What to do ->
Each line below from the one containing "デイジーコート 1001 間取り図" through the one containing "pastel - 10 cm" should be output exactly as it stands, and no other line should appear.

-------- Exercise inputs

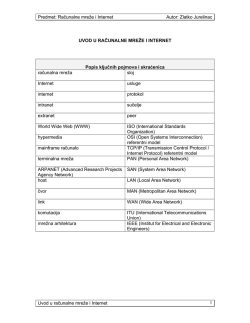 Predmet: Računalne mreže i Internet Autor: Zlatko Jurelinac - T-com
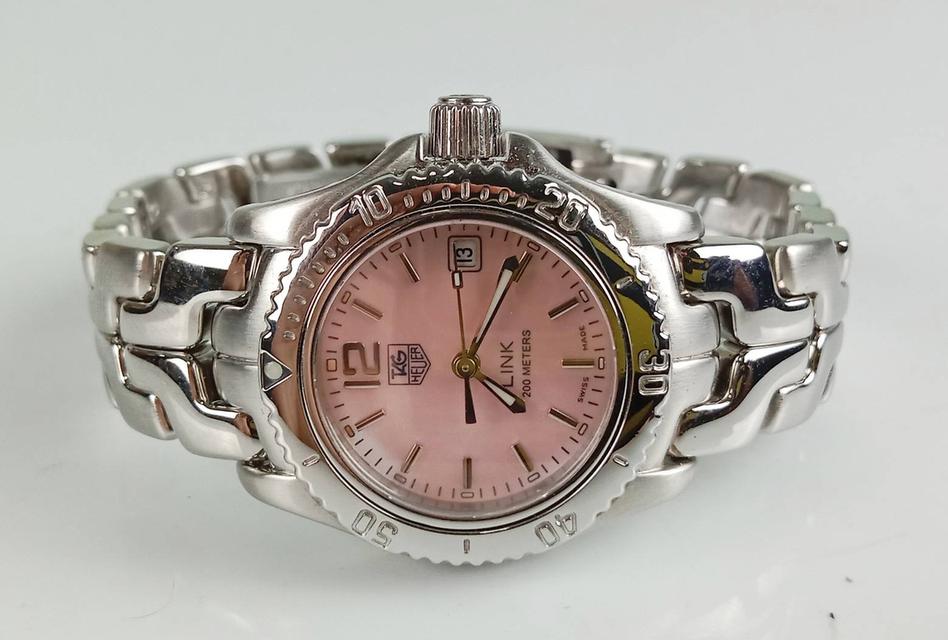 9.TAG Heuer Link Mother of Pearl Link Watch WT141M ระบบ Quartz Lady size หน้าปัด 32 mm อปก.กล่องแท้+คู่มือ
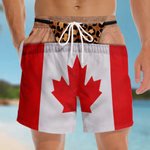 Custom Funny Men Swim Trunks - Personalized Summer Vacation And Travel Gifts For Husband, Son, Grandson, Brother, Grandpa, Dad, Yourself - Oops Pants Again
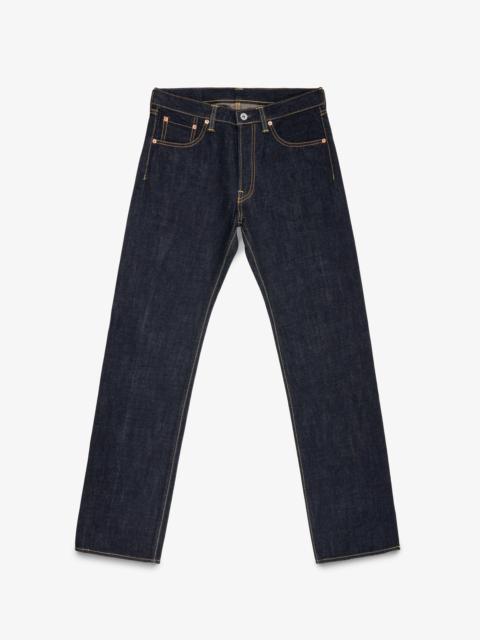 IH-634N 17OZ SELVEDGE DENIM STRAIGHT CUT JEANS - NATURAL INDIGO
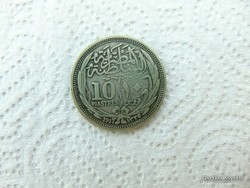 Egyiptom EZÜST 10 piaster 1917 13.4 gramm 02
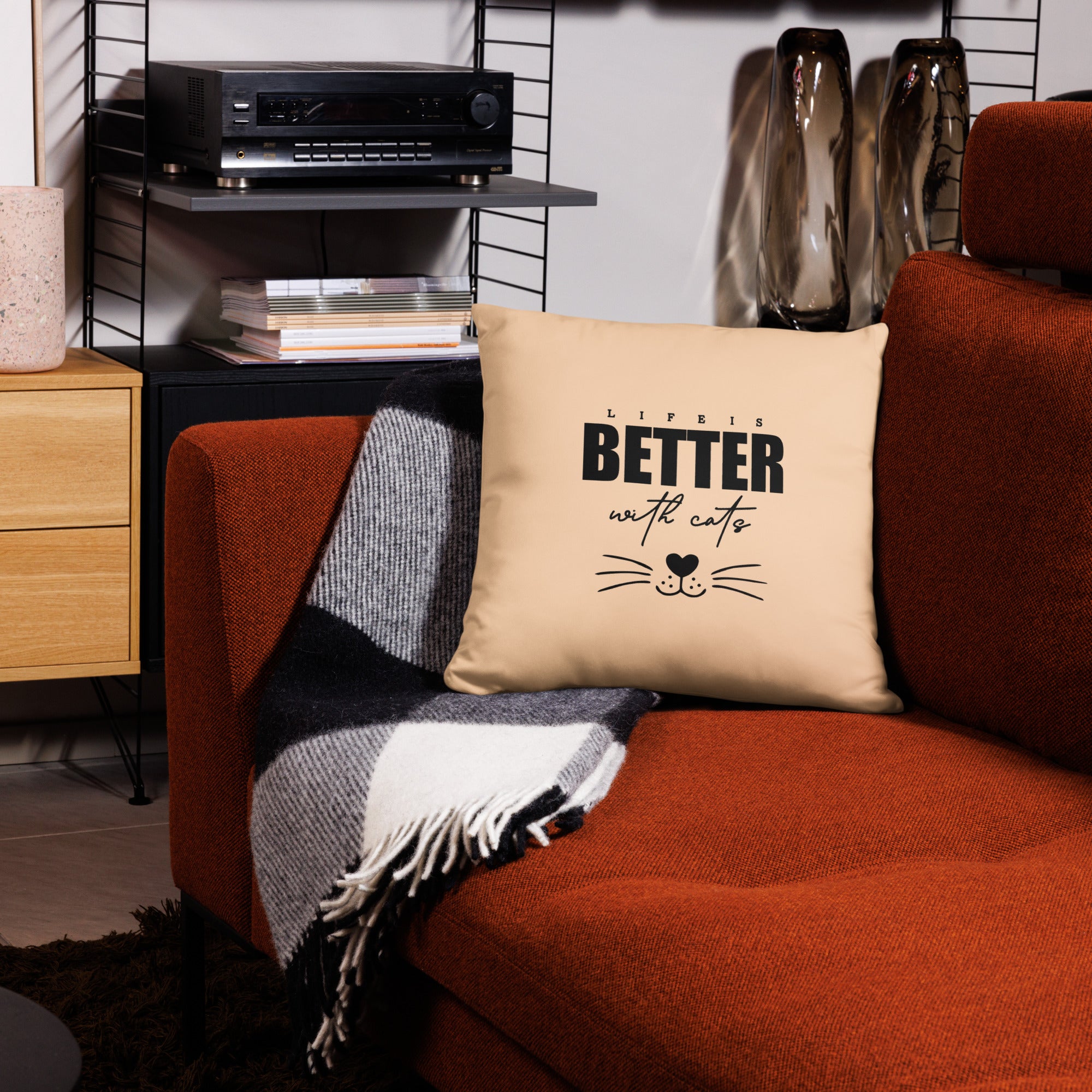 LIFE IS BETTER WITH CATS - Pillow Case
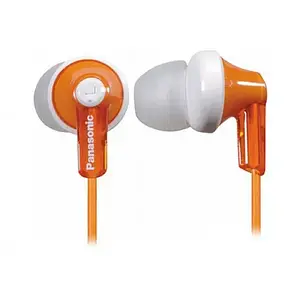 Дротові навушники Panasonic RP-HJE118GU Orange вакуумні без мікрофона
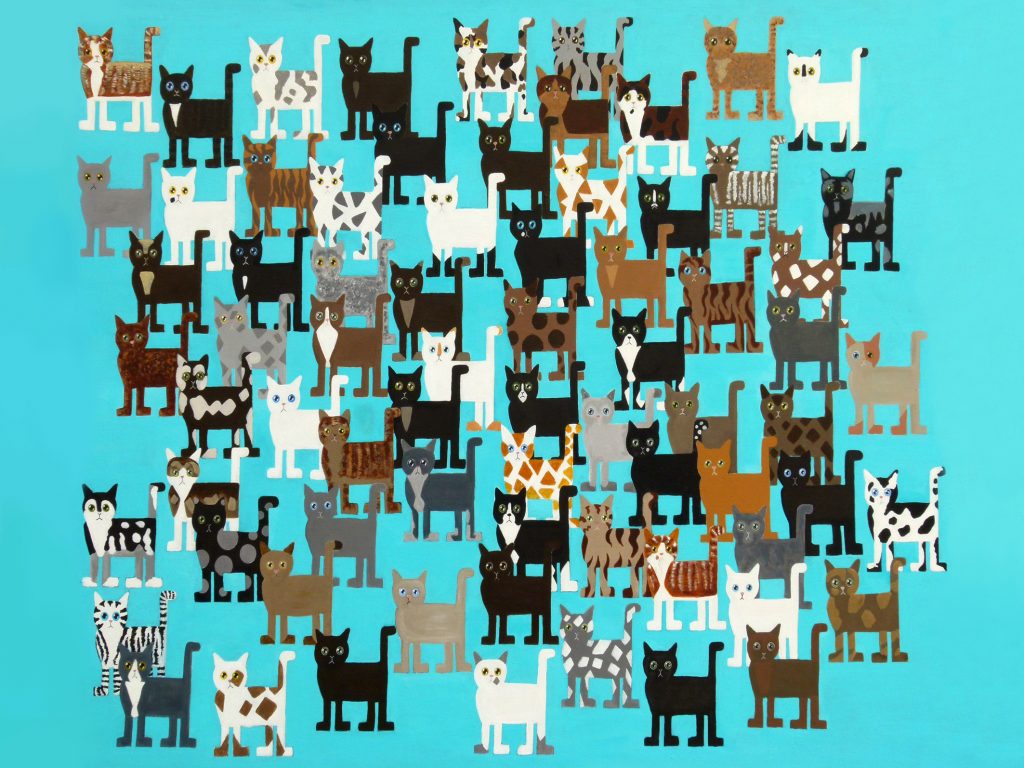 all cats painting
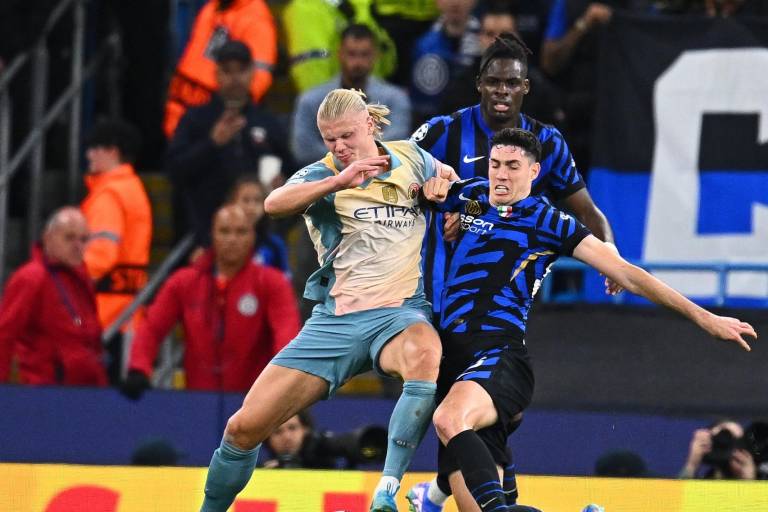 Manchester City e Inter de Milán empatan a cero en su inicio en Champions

----------------
-------- Exercise inputs

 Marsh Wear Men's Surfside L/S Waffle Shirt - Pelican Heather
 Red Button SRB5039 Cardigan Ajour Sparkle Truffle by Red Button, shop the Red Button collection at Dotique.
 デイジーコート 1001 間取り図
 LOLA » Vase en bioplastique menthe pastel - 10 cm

----------------

Task answer ->
 デイジーコート 1001 間取り図
 LOLA » Vase en bioplastique menthe pastel - 10 cm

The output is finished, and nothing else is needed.